# Possible Lease Deal of the Year?



## PeeWee (Dec 5, 2012)

Well, I think the 535 is very much in contention for this award if what I'm seeing appears to be true. Where is Chris Chueng when you need him? :rofl:

Ok, so I happen to qualify for the pull ahead program and I went to the dealership and drove the F10. Nice car, but meh programs. I gave the CA my number and told him to give me a call if BMW stepped up their game before the holidays. Apparently they did. The CA called me today and gave me a ridiculous quote of ~390 a month saying that BMW is giving away 535s this month. I nearly jumped on it right away, but something tells me it could get better. I actually might just wait until spring though for a 6er with the updated nav.

So then I see that Justin posted the details on here. Now, I see where that number came from. I highly doubt this is lockable though. Running the number on a Euro Delivery 535 with dealer profit and acquisition down it looks like you could very well be in the sub 300 monthly mark. Pretty crazy if you ask me, being that I am currently paying ~600 a month for my 535.


----------



## gehmjc21 (Jan 31, 2012)

Can you show some calculations?


----------



## chrischeung (Sep 1, 2002)

I did some mental arithmetic (very rough), and it looked to be about $350 a month on a $66K MSRP car via ED. A few things to be concerned about, which is why I wouldn't give it MY stamp (others may).

If it was that good, why haven't I jumped on it? It seems a cop out for me to recommend something that I didn't take advantage of. Second is the capacity controls on number of leases and just in the West region. And Third, there may be details about lockability of the program etc. The second point is the biggest sticking point for me. A real lease deal of the year should have wide availability. What if sales managers don't want to use their allocations for ED? Only cars in stock? Will want a higher selling price? In those caes, you're back to using the regular program.

Bottom line - if you NEED a 535i in the next 6 months, you should be all over this. Now rather than later. There's no harm in asking.


----------



## Alpine300ZHP (Jan 31, 2007)

chrischeung said:


> I did some mental arithmetic (very rough), and it looked to be about $350 a month on a $66K MSRP car via ED. A few things to be concerned about, which is why I wouldn't give it MY stamp (others may).
> 
> If it was that good, why haven't I jumped on it? It seems a cop out for me to recommend something that I didn't take advantage of. Second is the capacity controls on number of leases and just in the West region. And Third, there may be details about lockability of the program etc. The second point is the biggest sticking point for me. A real lease deal of the year should have wide availability. What if sales managers don't want to use their allocations for ED? Only cars in stock? Will want a higher selling price? In those caes, you're back to using the regular program.
> 
> Bottom line - if you NEED a 535i in the next 6 months, you should be all over this. Now rather than later. There's no harm in asking.
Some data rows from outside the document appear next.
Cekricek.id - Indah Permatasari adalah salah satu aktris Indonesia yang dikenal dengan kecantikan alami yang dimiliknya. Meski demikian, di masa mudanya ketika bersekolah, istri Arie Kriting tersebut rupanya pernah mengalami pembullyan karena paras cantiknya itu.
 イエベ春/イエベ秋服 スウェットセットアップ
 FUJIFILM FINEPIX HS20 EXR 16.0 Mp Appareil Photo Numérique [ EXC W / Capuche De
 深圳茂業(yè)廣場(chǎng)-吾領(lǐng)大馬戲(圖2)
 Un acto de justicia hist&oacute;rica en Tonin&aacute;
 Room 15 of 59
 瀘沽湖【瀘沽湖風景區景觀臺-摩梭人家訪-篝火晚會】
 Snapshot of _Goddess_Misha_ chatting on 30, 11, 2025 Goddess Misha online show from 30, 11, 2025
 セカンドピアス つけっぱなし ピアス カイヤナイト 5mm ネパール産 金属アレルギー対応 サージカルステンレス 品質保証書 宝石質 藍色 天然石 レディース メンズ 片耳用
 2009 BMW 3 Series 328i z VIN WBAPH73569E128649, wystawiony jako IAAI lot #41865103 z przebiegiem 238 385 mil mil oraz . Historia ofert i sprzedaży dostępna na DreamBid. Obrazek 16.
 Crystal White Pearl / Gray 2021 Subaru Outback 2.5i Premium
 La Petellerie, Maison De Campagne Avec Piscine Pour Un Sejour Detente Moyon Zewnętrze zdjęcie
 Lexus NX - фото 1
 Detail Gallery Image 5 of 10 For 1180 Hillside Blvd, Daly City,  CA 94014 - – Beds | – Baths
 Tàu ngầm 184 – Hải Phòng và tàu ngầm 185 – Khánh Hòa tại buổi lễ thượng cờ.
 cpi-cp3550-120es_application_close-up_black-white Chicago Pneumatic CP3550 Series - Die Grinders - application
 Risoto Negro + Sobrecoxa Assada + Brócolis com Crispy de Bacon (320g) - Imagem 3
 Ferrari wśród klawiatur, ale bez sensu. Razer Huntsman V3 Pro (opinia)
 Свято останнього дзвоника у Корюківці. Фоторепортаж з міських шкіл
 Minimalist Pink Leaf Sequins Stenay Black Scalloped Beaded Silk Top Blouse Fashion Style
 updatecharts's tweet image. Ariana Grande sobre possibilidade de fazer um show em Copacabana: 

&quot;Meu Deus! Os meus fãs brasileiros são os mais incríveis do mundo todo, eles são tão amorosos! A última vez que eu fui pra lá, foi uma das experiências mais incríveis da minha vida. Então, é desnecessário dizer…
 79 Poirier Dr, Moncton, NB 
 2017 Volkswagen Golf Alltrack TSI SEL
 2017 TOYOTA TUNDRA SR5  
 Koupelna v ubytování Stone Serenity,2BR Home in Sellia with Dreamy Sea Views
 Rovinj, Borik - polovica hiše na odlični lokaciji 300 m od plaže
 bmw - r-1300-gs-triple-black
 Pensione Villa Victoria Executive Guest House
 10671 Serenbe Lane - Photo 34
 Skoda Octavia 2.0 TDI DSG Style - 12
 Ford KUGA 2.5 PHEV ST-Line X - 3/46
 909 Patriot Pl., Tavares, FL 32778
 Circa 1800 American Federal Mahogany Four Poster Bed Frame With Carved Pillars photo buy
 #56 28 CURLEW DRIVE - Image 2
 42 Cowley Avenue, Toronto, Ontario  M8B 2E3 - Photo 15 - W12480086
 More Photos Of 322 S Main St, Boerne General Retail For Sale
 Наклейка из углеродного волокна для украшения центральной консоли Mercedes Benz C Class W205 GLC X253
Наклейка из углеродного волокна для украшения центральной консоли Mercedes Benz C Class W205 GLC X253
I agree with you. This must be designed to help unload in stock units at dealers and get these sales on the books for year end 2012.


----------



## chrischeung (Sep 1, 2002)

Alpine300ZHP said:


> I agree with you. This must be designed to help unload in stock units at dealers and get these sales on the books for year end 2012.


It's a gift to dealerships without being a gift. Good program. The problem with a wide program is that you've discounted EVERY car you sell. With these, it's a limited incentive.


----------



## shane.reid (Feb 10, 2006)

So this is just the west region? If not, how do I take advantage of them... I've been looking for an excuse to check out a 5-er


----------



## hamlyn (Aug 26, 2007)

Who is Justin, and what is the program?


----------



## miamiboyca (Jun 19, 2012)

chrischeung said:


> I did some mental arithmetic (very rough), and it looked to be about $350 a month on a $66K MSRP car via ED. A few things to be concerned about, which is why I wouldn't give it MY stamp (others may).
> 
> If it was that good, why haven't I jumped on it? It seems a cop out for me to recommend something that I didn't take advantage of. Second is the capacity controls on number of leases and just in the West region. And Third, there may be details about lockability of the program etc. The second point is the biggest sticking point for me. A real lease deal of the year should have wide availability. What if sales managers don't want to use their allocations for ED? Only cars in stock? Will want a higher selling price? In those caes, you're back to using the regular program.
> 
> Bottom line - if you NEED a 535i in the next 6 months, you should be all over this. Now rather than later. There's no harm in asking.


Chris,

Can you put some calculations about how you arrived at this payment? I am very curious as I did ED, got a good deal although it was before the 2000 incentive but am not close to $350 range at all.


----------



## chrischeung (Sep 1, 2002)

It was very rough. ED selling price - credits - Residual / 24, and then add a few dollars (say $30 or so) for interest. Nothing on paper, all in the mind, and I probably didn't consider some incentives, or got them wrong.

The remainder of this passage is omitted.